Baquedano Street is a long avenue in the old quarter of Iquique, Chile. It is a popular tourists attraction and is  a “typical zone,” a status that preserves its historical and architectural heritage. It is characterized by its late 19th- and early 20th-century houses built of wood from Europe.

Architecture 
The architecture that Baquedano Street exemplifies accommodates Iquique's prevailing climatic conditions. The buildings on Baquedano Street and, in general, all those that follow the city's traditional architecture, were built as stores or houses by immigrants who amassed fortunes through the nitrate works. 
The buildings can be characterized by three elements: 
 The building material is Oregon pine imported from remote areas.
 The construction is a simple framework or "balloon frame."
 The architectural style is somewhat derivative of "American" (Georgian, Greek Revival, Adam).
The buildings typically show a continuous frontage (façade) and a verticality and lightness. They are typically organized around a central nucleus and feature vestibules, verandahs, skylights or lanterns, watchtowers, and a serial or "shady" roof over the terrace roof.

Culture 

Baquedano Street was transformed by The Iquique council into an attractive pedestrian boulevard, with paths of wood and paving stone floor, by where an electrical street car journeys.
Most public shows in the city take place there and it is also the gathering point for young people to play their music, put on plays and even dance. Also, craftsmen have settled there to display their goods and make crafts. Water fountains and plants ornament the almost fifteen blocks that make up the street, which begins and ends at the sea. 
Prat Square, at one end of the street, is delineated with flowers.
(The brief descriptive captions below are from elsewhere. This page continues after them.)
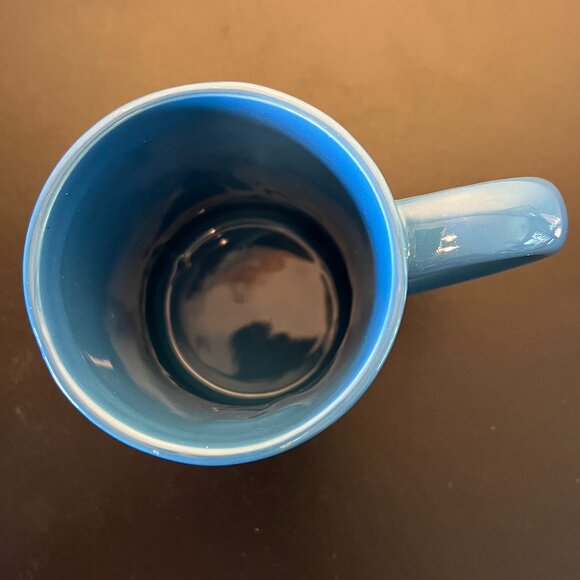 Michigan Lighthouse Embossed Souvenir Pottery Mug ~ Unglazed & Glossy Blue Glaze - Picture 6 of 8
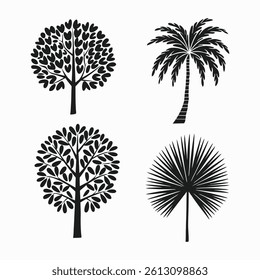 Tree and forest silhouettes - Vector illustration collection	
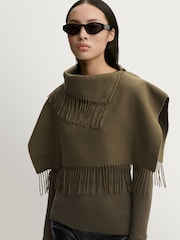 By Malene Birger Green Turtla Fringed Wool Bib Scarf - Image 1 of 3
This old public square is surrounded by architecturally significant structures— such as:
 A Clock Tower built in 1877 as a symbol of Iquique
 The Tarapaca's Employees Society building
 The Municipal Theater, built in 1890 and displaying an impressive collection of ancient indigenous artifacts
 The Astoreca Palace, which features luxurious period furniture The first three buildings are located in Prat Square, and the last one in Baquedano Street.

Tourism 
Baquedano Street has a number of hotels, guest houses, a lodge, pubs, coffee-shops, and restaurants.